Random forest is a powerful tool for estimating the importance of
predictor variables (in this case the SNPs) based on their association
with a response variable (in this case the yield). In the
ranger
function, variable importance can be calculated
using the importance
argument, which can be set to
"impurity"
, "impurity_corrected"
, or
"permutation"
. In this example, we define variable
importance using the "permutation"
method. To ensure
reproducibility, we set a seed before running the analysis:
set.seed(123) # Set a seed for reproducibility
RF_model = ranger(y=SNPdata[,1], x=SNPdata[,-1], write.forest = TRUE, importance="permutation")
D_VI = data.frame(variable = names(SNPdata)[-1], importance = RF_model$variable.importance)
D_VI = D_VI[order(D_VI$importance, decreasing=TRUE),]
head(D_VI)
#> variable importance
#> SNP_0020 SNP_0020 80.22909
#> SNP_0019 SNP_0019 60.37387
#> SNP_0043 SNP_0043 50.52367
#> SNP_0005 SNP_0005 43.47999
#> SNP_0034 SNP_0034 38.52494
#> SNP_0015 SNP_0015 34.88654
The data frame D_VI
now contains the variable importance
scores for each predictor, sorted in descending order. These scores
provide insights into the relative significance of each variable in the
data set. Since random forest is a non-deterministic method, repeated
analyses using the same data set can yield different variable importance
scores. To illustrate this, we repeat the analysis with a different
seed:
set.seed(321) # Set a seed for reproducibility
RF_model_2 = ranger(y=SNPdata[,1], x=SNPdata[,-1], write.forest = TRUE, importance="permutation")
D_VI_2 = data.frame(variable = names(SNPdata)[-1], importance = RF_model_2$variable.importance)
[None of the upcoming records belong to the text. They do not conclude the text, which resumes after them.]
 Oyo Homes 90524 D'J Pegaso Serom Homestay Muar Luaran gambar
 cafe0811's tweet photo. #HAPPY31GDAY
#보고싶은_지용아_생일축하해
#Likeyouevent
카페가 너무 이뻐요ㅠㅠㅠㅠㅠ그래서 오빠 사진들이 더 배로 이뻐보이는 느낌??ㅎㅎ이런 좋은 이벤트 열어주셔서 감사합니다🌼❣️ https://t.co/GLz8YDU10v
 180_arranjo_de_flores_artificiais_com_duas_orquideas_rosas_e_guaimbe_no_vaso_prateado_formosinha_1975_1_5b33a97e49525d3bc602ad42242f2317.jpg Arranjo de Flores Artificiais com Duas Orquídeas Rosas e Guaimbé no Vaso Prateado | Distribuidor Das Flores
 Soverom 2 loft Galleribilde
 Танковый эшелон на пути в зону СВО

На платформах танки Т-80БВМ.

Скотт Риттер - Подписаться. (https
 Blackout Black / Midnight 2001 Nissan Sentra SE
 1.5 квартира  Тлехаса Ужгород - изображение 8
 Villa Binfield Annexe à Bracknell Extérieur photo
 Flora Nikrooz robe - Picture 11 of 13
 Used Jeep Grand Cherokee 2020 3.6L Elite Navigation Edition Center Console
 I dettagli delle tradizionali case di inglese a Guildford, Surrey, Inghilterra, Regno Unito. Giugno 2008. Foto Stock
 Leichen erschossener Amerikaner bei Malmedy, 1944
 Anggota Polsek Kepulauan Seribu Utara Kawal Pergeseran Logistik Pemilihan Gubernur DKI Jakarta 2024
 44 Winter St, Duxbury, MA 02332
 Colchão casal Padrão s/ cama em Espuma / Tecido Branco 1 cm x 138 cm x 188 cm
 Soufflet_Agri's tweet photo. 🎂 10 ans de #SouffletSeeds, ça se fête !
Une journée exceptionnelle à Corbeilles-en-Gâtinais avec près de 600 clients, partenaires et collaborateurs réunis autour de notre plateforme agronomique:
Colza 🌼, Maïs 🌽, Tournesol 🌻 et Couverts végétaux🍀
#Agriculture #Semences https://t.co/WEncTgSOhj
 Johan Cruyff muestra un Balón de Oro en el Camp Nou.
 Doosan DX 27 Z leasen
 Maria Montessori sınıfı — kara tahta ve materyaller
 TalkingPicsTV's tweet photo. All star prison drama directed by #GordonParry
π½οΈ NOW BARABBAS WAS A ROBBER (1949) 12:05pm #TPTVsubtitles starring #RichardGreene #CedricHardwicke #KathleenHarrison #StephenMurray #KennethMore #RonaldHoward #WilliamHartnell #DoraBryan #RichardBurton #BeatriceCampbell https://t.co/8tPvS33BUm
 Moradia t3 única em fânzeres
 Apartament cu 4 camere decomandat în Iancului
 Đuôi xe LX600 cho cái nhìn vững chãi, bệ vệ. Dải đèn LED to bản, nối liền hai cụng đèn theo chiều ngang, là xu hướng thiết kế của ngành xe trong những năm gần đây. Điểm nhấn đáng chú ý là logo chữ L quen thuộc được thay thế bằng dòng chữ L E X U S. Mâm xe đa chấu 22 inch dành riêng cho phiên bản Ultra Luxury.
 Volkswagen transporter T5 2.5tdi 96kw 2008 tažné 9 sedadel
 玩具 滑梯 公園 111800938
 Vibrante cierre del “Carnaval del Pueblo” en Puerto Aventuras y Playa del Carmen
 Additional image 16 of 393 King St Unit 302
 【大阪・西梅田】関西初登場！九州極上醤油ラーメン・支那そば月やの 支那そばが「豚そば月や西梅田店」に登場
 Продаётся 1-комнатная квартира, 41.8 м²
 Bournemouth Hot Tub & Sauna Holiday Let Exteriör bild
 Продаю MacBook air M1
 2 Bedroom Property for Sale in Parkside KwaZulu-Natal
D_VI_2 = D_VI_2[order(D_VI_2$importance, decreasing=TRUE),]
We can now merge D_VI
and D_VI_2
to see how
much the variable importance estimates varied simply by repeating random
forest after setting a different seed:
M = merge(D_VI, D_VI_2, by="variable")
plot(M$importance.x, M$importance.y,
xlab="Variable importances in the first run", ylab="Variable importances in the second run")
The scatter plot and the correlation coefficient (0.27) reveal substantial variability in the variable importance estimates between the two runs. This demonstrates how the non-deterministic nature of random forest can lead to inconsistencies in variable rankings.
Random forest operates by growing multiple decision trees (or
regression trees, in this case) and calculating the variable importance
within each tree. Since each tree is built independently, the importance
values for a given variable can differ between trees. To provide a more
reliable measure, random forest averages these importance values across
all trees. Consequently, the stability of the variable importance
estimates improves as the number of trees increases. By default, R
packages like ranger
, randomForest
, and
Rborist
typically use 500 trees. However, for the
SNPdata
data set, the default of 500 trees was insufficient
to achieve stable variable importance estimates.
To evaluate how the number of trees affects both variable importance stability (correlation of variable importance estimates across runs) and computation time, we can test random forests with different tree counts: 500, 2,500, 5,000, 10,000, 15,000, and 20,000 trees. The stability can be calculated as the correlation between variable importance scores obtained from two repeated runs of random forest, each using a different seed. Additionally, the average computation time for generating these random forests can be measured:
num.trees_values = c(500, 2500, 5000, 10000, 15000, 20000)
result = data.frame()
for(i in num.trees_values){
start.time = Sys.time()
set.seed(123)
RF_model_1 = ranger(y=SNPdata[,1], x=SNPdata[,-1], num.trees=i,
write.forest = TRUE, importance="permutation")
D_VI_1 = data.frame(variable = names(SNPdata)[-1], importance = RF_model_1$variable.importance)
set.seed(321)
RF_model_2 = ranger(y=SNPdata[,1], x=SNPdata[,-1], num.trees=i,
write.forest = TRUE, importance="permutation")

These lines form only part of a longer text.